Publié le 22 avril 2009 par Alorangeane

Apparemment aujourd'hui, c'est le jour de la Terre, en tout cas au Québec. En cette merveilleuse journée, je vous joins un texte de Fred Vargas, qui nous fait part de ses vues sur la question de l'environnement... Très, très beau texte, et surtout impressionnant de réalisme.
Il est temps de se remuer et d'éduquer nos enfants (les adultes, c'est peut-être déjà trop tard) à ne pas gâcher notre si belle planète.

"Nous y sommes" de Fred VARGAS
Nous y sommes.
Nous y voilà, nous y sommes. Depuis cinquante ans
que cette tourmente menace dans les hautsfourneaux
de l'incurie de l'humanité, nous y sommes.
Dans le mur, au bord du gouffre, comme seul l'homme
sait le faire avec brio, qui ne perçoit la réalité que
lorsqu'elle lui fait mal.
Telle notre bonne vieille cigale à qui nous prêtons nos
qualités d'insouciance.
Nous avons chanté, dansé.
Quand je dis « nous », entendons un quart de
l'humanité tandis que le reste était à la peine.

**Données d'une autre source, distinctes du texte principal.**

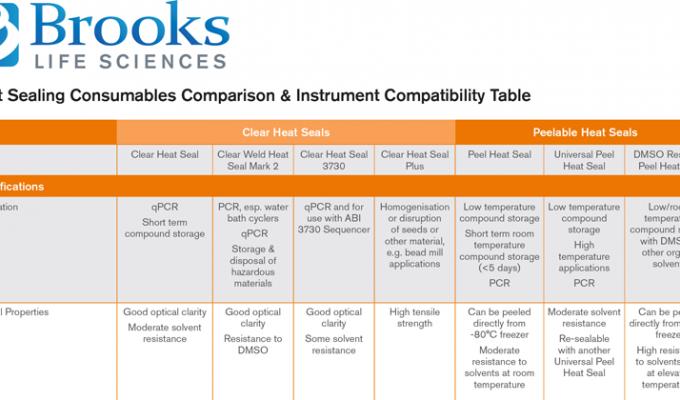 Heat Sealing Comparison and Compatibility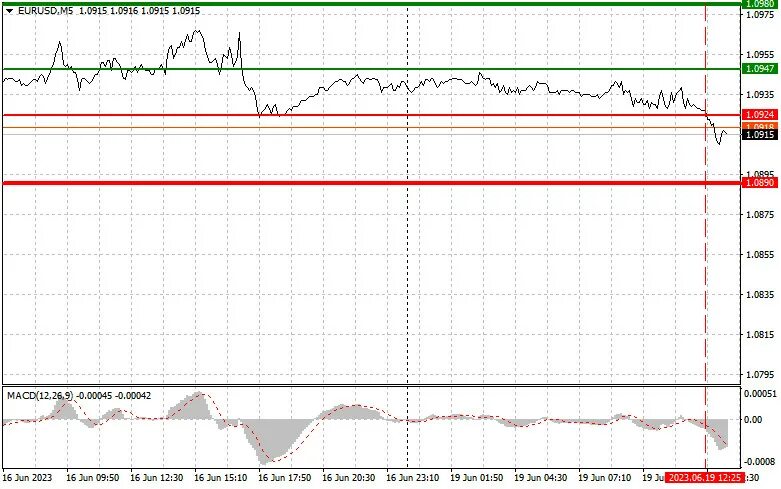 Project trade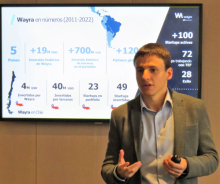Wayra vía página web. 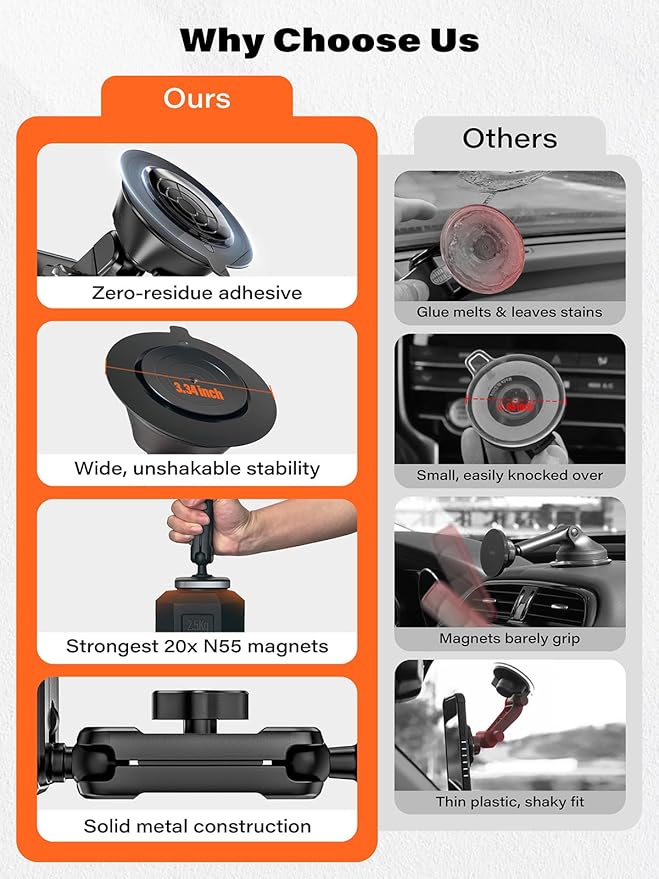 APPS2Car Heavy-Duty Vacuum Suction Phone Mount [Industrial 20x N55 Magnet, Alloy Arm, Ultra-Stable Suction Cup] for iPhone MagSafe/Samsung/Android, Magnetic Phone Holder for Car Windshield Dashboard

Nous avons construit la vie meilleure, nous avons jeté
nos pesticides à l'eau, nos fumées dans l'air, nous
avons conduit trois voitures, nous avons vidé les
mines, nous avons mangé des fraises du bout monde,
nous avons voyagé en tous sens, nous avons éclairé
les nuits, nous avons chaussé des tennis qui clignotent
quand on marche, nous avons grossi, nous avons
mouillé le désert, acidifié la pluie, créé des clones,
franchement on peut dire qu'on s'est bien amusés.

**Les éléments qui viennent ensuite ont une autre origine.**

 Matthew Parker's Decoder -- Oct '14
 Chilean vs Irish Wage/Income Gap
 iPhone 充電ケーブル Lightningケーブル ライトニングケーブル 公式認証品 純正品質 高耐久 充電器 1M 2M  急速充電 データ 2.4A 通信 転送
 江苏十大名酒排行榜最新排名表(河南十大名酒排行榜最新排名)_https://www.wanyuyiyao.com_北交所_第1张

On a réussi des trucs carrément épatants, très
difficiles, comme faire fondre la banquise, glisser des
bestioles génétiquement modifiées sous la terre,
déplacer le Gulf Stream, détruire un tiers des espèces
vivantes, faire péter l'atome, enfoncer des déchets
radioactifs dans le sol, ni vu ni connu.
Franchement on s'est marrés.
Franchement on a bien profité.
Et on aimerait bien continuer, tant il va de soi qu'il est
plus rigolo de sauter dans un avion avec des tennis
lumineuses que de biner des pommes de terre.
Certes.
Mais nous y sommes.
A la Troisième Révolution.
Qui a ceci de très différent des deux premières (la
Révolution néolithique et la Révolution industrielle,
pour mémoire) qu'on ne l'a pas choisie. "On est
obligés de la faire, la Troisième Révolution ?"

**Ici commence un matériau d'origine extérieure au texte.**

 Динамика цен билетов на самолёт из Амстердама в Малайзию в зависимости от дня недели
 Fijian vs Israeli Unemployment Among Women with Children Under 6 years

demanderont quelques esprits réticents et chagrins.
Oui.
On n'a pas le choix, elle a déjà commencé, elle ne
nous a pas demandé notre avis.
C'est la mère Nature qui l'a décidé, après nous avoir
aimablement laissés jouer avec elle depuis des
décennies.
La mère Nature, épuisée, souillée, exsangue, nous
ferme les robinets.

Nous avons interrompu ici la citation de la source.